PWMU.CO – Dari Mana Sumber Dana Ribuan Amal Usaha Muhammadiyah? Ketua Pimpinan Pusat Muhammadiyah Dr HM Busyro Muqoddas SH MHum menjawabnnya pada acara Penguatan Ideologi Muhammadiyah bertajuk “Muhammadiyah dan Keadilan Sosial”, Selasa (6/7/2021).
Kajian virtual yang digelar Mugeb Islamic Center (MIC) Majelis Dikdasmen Pimpinan Cabang Muhammadiyah (PCM) GKB Gresik itu bekerja sama dengan Mugeb Schools.
Busyro Muqoddas menyatakan, tidak sulit membicarakan keadilan sosial yang dikaitkan dengan penguatan ideologi, baik bagi Muhammadiyah maupun bagi yang belum benar-benar memahami Muhammadiyah.
Dia lantas mengajak peserta untuk memperhitungkan keberadaan rumah sakit Muhammadiyah. Meski masyarakat Nadlatul Ulama banyak di Jawa Timur, tapi dia menyatakan rumah sakit Muhammadiyah justru paling banyak berada di Jawa Timur—dari seluruh Indonesia.
“Itu kalau bukan karena ideologi yang diridhai Allah, yang sudah mencerminkan cara berpikir metode burhani, bayani, dan irfani (sebagai) ciri Muhammadiyah, tidak mungkin ada amal usaha rumah sakit tadi,” ungkapnya.
Muhammadiyah Tampil Menawan
Pria yang hobi jogging lima hari sekali itu menyatakan, 170 perguruan tinggi Muhammadiyah (PTM) yang didirikan umat, 30 ribu Pendidikan Anak Usia Dini (PAUD) Muhammadiyah-Aisyiyah, dan 15 ribu SD-SMP-SMA, itu menimbulkan pertanyaan asal sumber dananya.
Baginya, jawabannya sudah jelas dari umat. Busyro menekankan hal ini bisa dicapai karena dana itu dari umat yang dididik memahami Islam rahmatan lil alamin. Yaitu membawa rahmat, keadilan, kedamaian, tasamuh, dan tawadhu kepada siapa pun, termasuk kepada golongan yang belum Islam.
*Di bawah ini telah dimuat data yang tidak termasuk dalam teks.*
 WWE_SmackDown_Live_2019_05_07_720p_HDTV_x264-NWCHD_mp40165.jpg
“Siapa tahu kalau nanti Muhammadiyah tampil lebih menawan hati, orang-orang yang anti-Islam itu bisa ditunjukkan orang-orang Muhammadiyah yang gurunya banyak yang dibayar … (seikhlasnya). Di Yogya saja ada guru SD Muhammadiyah yang bergaji Rp 90 ribu per bulannya,” terangnya.
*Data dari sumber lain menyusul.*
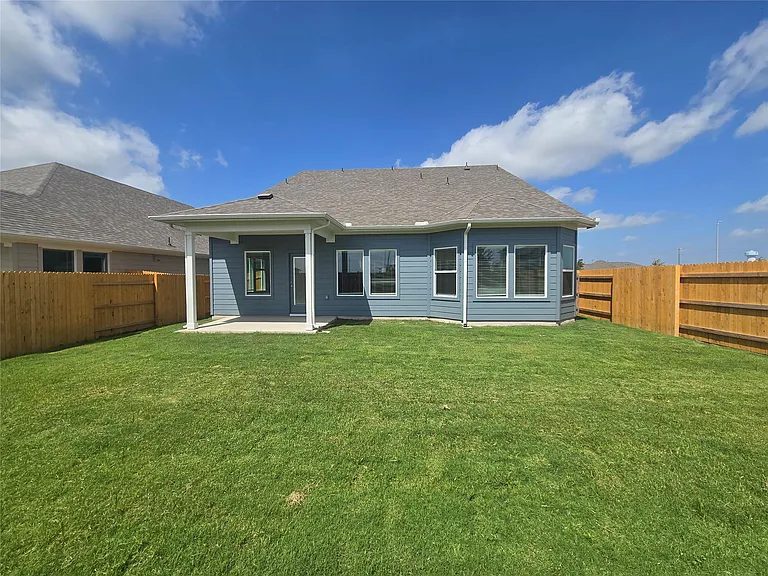 715 Universal Dr — Photo 40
Saat dia dulu menjadi ketua ranting, ada guru SD Muhammadiyah berhonor Rp 75 ribu saja per bulannya. Setiap hari, guru itu lewat di depan rumahnya menggunakan sepeda.
Itulah gambaran guru SD di mata Busyro. Demikian pula dengan guru SMP, SMA, dan dosen. “Mereka dapat bayaran, tapi dicukup-cukupkan,” ungkapnya.
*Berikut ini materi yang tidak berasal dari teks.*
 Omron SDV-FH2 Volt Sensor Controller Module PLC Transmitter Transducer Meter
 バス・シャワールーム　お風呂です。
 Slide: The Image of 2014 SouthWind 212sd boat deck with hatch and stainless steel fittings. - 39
“Tidak ada berita mereka meninggal dunia karena honornya cuma sedikit. Malah banyak yang hidup sehat, meninggalnya dengan husnul khatimah,” sambung pria yang juga hobi membaca itu.
Busyro mencontohkan seorang guru di Yogya bernama Idris. Usai mengajar di SD Muhammadiyah, dia memberikan les tanpa mau dibayar. Lalu datang adzan Ashar, begitu rukuk, dia jatuh. Setelah dicek, denyut jantungnya sudah berhenti.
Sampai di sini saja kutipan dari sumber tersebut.